Clearly, Glenn Huff was not in the ADHD family. A ninth-grade dropout, my father had to leave school at fourteen to help his dad run a grocery store. His working memory worked, and he had to exercise it daily. My father could hold a lot of numbers in his head, organize and manipulate them, and solve complex mathematical problems. He also lived on a farm and witnessed his mother counting hens and eggs and estimating yields from their crops.

Today, I met with an accountant for help with some complicated financial issues. I prepared for hours, crunching numbers with a calculator, pen, and notepad. I erased and started over so many times that the numbers looked like the scratches a hen makes in the dirt. I calculated and recalculated so I could ask intelligent questions. The meeting lasted almost two hours, after which I told the accountant that I needed a nap. The effort to follow his dancing numbers, and then extrapolate what I needed, was exhausting.

Glenn Huff could have taken the same information and produced the answers in fifteen minutes. That is no exaggeration. That humble man didn’t think his spreadsheet brain was extraordinary. He just wondered what on God’s green earth was wrong his son who struggled to reconcile a simple bank statement with fifty dollars in the account. I would never measure up to what my dad modeled as normal.

My accountant—a fellow baby boomer—highlighted some differences between the generations, before and after ours. My dad’s generation, he said, had to rely on their brains to do what computers do now. My daughter’s generation, on the other hand, grew up with software that worked like my dad’s brain. Between those generations are the trainable old dogs that must learn new tricks. Successful boomers living well with ADHD will seek help when they need it, instead of being too embarrassed to ask.

Still, if I had the choice, I would take my dad’s spreadsheet brain over spreadsheet software! It never had to be downloaded or upgraded!

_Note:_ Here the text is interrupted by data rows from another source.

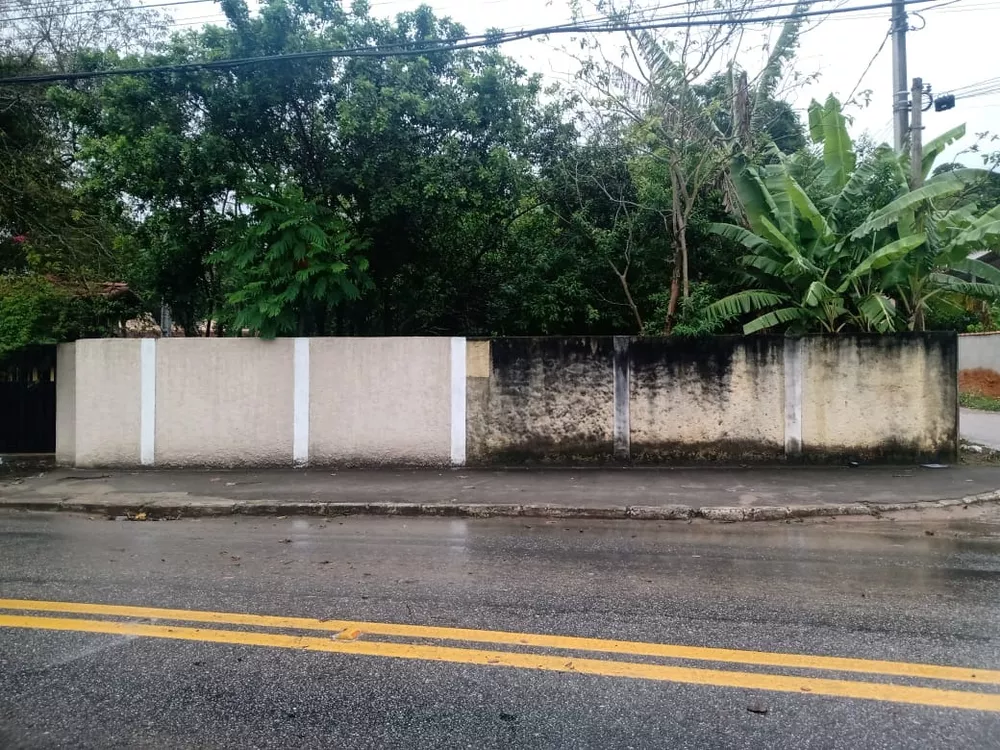 Terreno, 900 m² - Foto 1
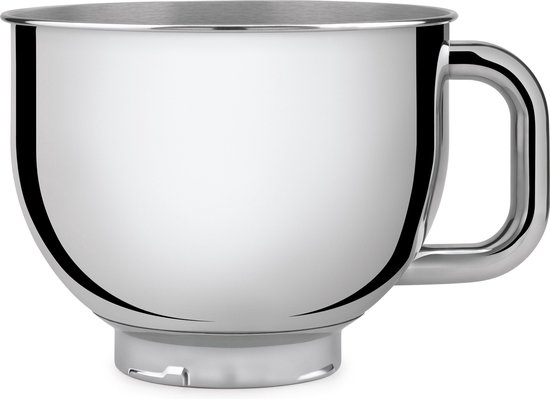 SMEG SMB401 - Mengkom 4.8 Liter voor SMEG SMF Keukenmachine van SMEG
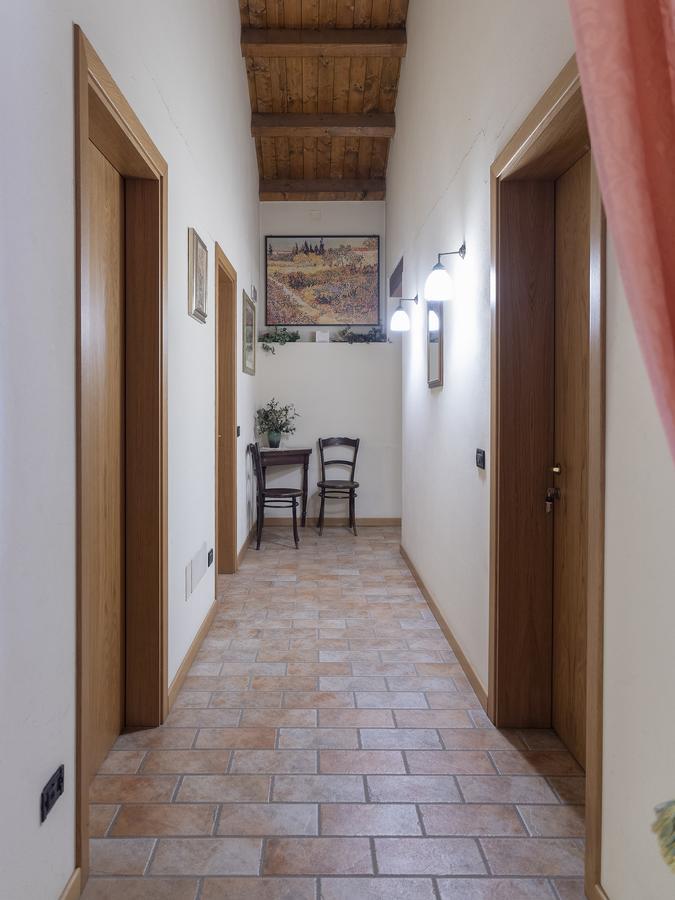Agriturismo Il Palazzone Montegalda Exterior foto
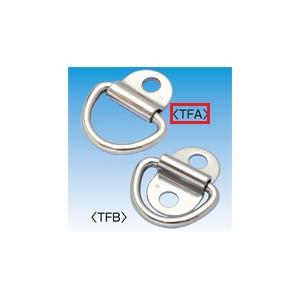 MIZUMOTO 水本機械 TFA-4 ステンレス金具 グランドフック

One Response to Glenn Huff’s Spreadsheet

  • YES YES YES. I can’t reliably get 2 + 2 to = 4. Never able to learn my times tables. My poor dad spent hours flashing cards at me. He just kept shaking his head and asking why I didn’t know my times tables yet. I didn’t know why. So, when the opportunity came to join the grade school band I jumped at it. How is this relevant? The band met at lunch time. If I stayed in my class we had to do, guess what? EXTRA MATH! So, what would YOU have chosen! I played that flute in bands all the way through high school.
    While, I can’t do “regular math”, I am the one who, much much later in life, asked questions that stumped the teachers in theoretical and statistical math and found misprints in the text books. In fact, when I took a chemistry course in a night school premed class, I found that almost all of the women had been “bad” at math–gender stereotypes/expectations, teaching methods that didn’t work for them. But there we all were, grinning and balancing chemical equations and a bit ticked off that we had to try so hard to find our niche.